The guild, known as SAG-AFTRA, had agreed to extend talks with the Alliance of Motion Picture and Television Producers (AMPTP) two weeks past their contract expiration date of June 30. But the two sides failed to reach an agreement in that time, even after federal mediators joined discussions, and the union’s negotiating committee unanimously recommended a strike to its national board early Thursday. The national board agreed hours later.
Fran Drescher, SAG-AFTRA president and iconic star of the ’90s sitcom “The Nanny,” slammed studio bosses for the attitudes they displayed at the bargaining table.
“I am shocked by the way the people that we have been in business with are treating us,” Drescher said in a brief, impassioned speech. “I cannot believe it, quite frankly, how they plead poverty, that they’re losing money left and right, when giving hundreds of millions of dollars to their CEOs.”
“It is disgusting,” she added. “Shame on them.”
Drescher tied the SAG-AFTRA strike to the broader labor movement amid threats from emerging technologies like artificial intelligence.
“If we don’t stand tall right now, we are all going to be in trouble,” she said. “We are all going to be in jeopardy of being replaced by machines, and big business who cares more about Wall Street than you and your family.”
The strike will effectively grind Hollywood to a halt, at least temporarily.
On Monday, SAG-AFTRA leadership assembled around 140 top publicists for a conference call to brace them for what was then seen as a likely strike, according to Variety. One person described the vibes as “panicked.” The stars of summer blockbusters like “Oppenheimer,” “Barbie” and the new “Mission Impossible” installation will be pulled from red carpets and press junkets, Crabtree-Ireland said. Members affected by the strike will not be allowed to film any ongoing projects or promote finished ones.
The performers will join Writers Guild of America (WGA) members, who have been on strike since early May after their negotiations with the AMPTP similarly stalled out.
The trade group AMPTP represents major studios, including Disney, Netflix, Paramount, Sony, Universal and Warner Bros. Some 160,000 performers are part of SAG-AFTRA, including big Hollywood names, making entry into the card-holders’ club a major stepping stone for aspiring stars.

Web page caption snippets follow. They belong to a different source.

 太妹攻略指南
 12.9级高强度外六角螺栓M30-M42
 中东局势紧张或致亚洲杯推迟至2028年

The WGA and SAG-AFTRA have not been on strike at the same time since the 1960s, when they won health care plans, pensions and residual payments. Both now say they face an existential threat from technology that bosses could try to use to replace them; they also share concerns about declining residuals that once bolstered their income.
The AMPTP put what it termed a “groundbreaking AI proposal” across the bargaining table on Wednesday that would allow studios to digitally scan background actors so they only had to pay them for one day of work, according to Crabtree-Ireland. The company would then own that actor’s image in perpetuity and could do whatever they wanted with it without compensating the worker, he said. (The AMPTP said in a statement condemning the strike that the proposal would “protect actors’ digital likenesses for SAG-AFTRA members.”)

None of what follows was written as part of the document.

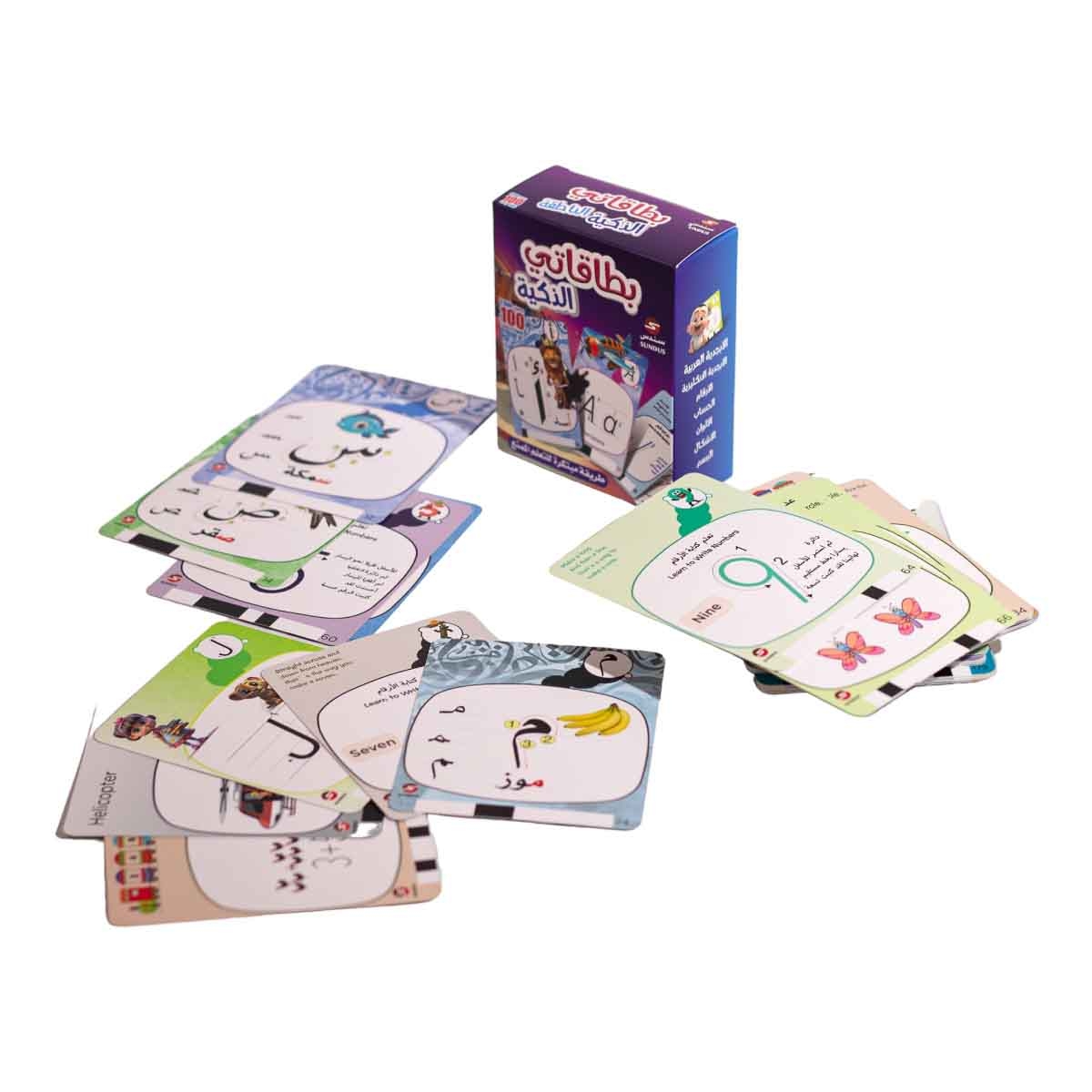 Sundus Learning Smart Cards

Crabtree-Ireland told reporters that a group of CEOs told them Wednesday night that they were not behaving in “a civilized manner” by threatening to strike.
“We told them that it’s not uncivilized to go on strike. It’s a moral right, it’s a human right and it’s a legal right,” he said.
Commentary from studio executives this week appears to have only tangled the path to any agreements with the unions. One executive bluntly told Deadline that the studios’ goal was to “break the WGA” by refusing to negotiate in good faith for several months.
“The endgame is to allow things to drag on until union members start losing their apartments and losing their houses,” an executive told Deadline, which noted other top bosses felt the same.
Disney CEO Bob Iger also incensed union members and their allies by saying the writers and performers were not being “realistic.”
“It’s very disturbing to me,” he said during a Thursday morning appearance on CNBC’s “Squawk Box.”
As Drescher put it: “Eventually, the people break down the gates of Versailles.”